# While Watching Cheeseheads vs The Pussycats,To Be Frank With You This Just Popped Up



## AquaHull (Jun 10, 2012)

This seems to be a good/great version
Rodgers may have to head that way





Butt like Yogi said,It ain't over till it's over
The losing streak should be over:-?


----------



## A Watchman (Sep 14, 2015)

Missed ya Bro!


----------



## SDF880 (Mar 28, 2013)

Excellent!

Miss ya Frank!


----------



## AquaHull (Jun 10, 2012)

Shat,I just remembered the spread was 10 points Green Bay
If Rodgers pulls one out ,AGAIN,he'll be a hero in GreenBay AND Nevada, since the LIONS won't cover the point spread. AGAIN

If the LIONS win, Guido loses millions


----------



## AquaHull (Jun 10, 2012)

A Watchman said:


> Missed ya Bro!


----------



## Smitty901 (Nov 16, 2012)

Defense sucks and the offence has given up trying The first 6 wins were against teams that were not ready to play yet


----------



## Slippy (Nov 14, 2013)

Glad you're back AquaHull! 

(Hope you cleaned the damn toilet in the cell, I'm sure I'll be back there soon...)


----------



## AquaHull (Jun 10, 2012)

First and Goal


----------



## AquaHull (Jun 10, 2012)

Slippy said:


> Glad you're back AquaHull!
> 
> (Hope you cleaned the damn toilet in the cell, I'm sure I'll be back there soon...)


Was I in trouble ?


----------



## Denton (Sep 18, 2012)

Slippy said:


> Glad you're back AquaHull!
> 
> (Hope you cleaned the damn toilet in the cell, I'm sure I'll be back there soon...)


There's a toilet in there?

Another way we can save money. I'll have it removed.


----------



## Denton (Sep 18, 2012)

AquaHull said:


> Was I in trouble ?


Your banning was so short you probably didn't even know it.


----------



## Slippy (Nov 14, 2013)

Denton said:


> Your banning was so short you probably didn't even know it.
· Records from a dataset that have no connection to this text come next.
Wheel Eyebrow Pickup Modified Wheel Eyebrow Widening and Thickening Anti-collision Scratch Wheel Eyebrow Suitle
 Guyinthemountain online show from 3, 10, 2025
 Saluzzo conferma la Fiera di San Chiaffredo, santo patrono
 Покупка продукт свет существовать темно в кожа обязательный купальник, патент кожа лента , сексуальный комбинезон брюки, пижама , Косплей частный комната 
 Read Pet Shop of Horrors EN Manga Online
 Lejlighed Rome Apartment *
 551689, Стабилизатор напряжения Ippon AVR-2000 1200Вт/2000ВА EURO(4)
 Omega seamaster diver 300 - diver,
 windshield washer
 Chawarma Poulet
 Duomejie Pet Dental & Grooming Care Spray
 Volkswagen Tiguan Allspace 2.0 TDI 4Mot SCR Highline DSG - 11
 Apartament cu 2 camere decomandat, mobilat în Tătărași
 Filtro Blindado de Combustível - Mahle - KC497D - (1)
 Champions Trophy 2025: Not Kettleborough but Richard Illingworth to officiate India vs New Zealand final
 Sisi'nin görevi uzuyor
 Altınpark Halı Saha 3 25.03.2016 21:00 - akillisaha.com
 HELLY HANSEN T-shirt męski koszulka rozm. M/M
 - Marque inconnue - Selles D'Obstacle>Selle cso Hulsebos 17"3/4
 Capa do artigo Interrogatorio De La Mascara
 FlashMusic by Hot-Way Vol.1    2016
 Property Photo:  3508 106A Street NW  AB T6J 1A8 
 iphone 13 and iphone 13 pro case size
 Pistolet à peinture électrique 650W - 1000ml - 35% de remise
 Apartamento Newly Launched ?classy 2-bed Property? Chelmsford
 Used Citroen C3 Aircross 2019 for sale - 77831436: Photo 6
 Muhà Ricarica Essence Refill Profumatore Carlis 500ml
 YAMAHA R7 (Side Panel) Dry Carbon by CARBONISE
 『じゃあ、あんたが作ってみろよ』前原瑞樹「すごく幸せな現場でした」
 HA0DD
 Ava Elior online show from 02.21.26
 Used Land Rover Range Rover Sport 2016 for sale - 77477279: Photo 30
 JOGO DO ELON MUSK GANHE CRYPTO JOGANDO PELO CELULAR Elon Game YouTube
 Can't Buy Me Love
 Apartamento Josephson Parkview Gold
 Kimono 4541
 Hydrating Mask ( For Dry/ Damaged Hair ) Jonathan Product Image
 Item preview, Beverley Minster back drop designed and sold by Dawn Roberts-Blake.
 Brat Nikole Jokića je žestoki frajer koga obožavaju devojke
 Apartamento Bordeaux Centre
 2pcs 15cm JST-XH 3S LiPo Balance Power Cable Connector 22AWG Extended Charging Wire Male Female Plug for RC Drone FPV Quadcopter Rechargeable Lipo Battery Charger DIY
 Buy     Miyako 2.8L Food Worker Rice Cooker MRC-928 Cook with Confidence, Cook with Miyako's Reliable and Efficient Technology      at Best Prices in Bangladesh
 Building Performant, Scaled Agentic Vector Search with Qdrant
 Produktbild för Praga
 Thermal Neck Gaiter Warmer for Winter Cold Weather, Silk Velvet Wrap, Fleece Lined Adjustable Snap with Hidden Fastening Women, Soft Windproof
(I'm hoping he was constipated and couldn't mess up the toilet and it is clean waiting for my return. Nothing more aggravating than being locked up and having to take a huge dumper in a dirty commode...just sayin')


----------



## A Watchman (Sep 14, 2015)

Just for future knowledge....... and just in case..... the executive liquor cabinet wouldn't be kept in the box by chance?


----------



## Denton (Sep 18, 2012)

A Watchman said:


> Just for future knowledge....... and just in case..... the executive liquor cabinet wouldn't be kept in the box by chance?


The jerks who own this site keep that key very well hidden. They don't share. Not even with the mods.


----------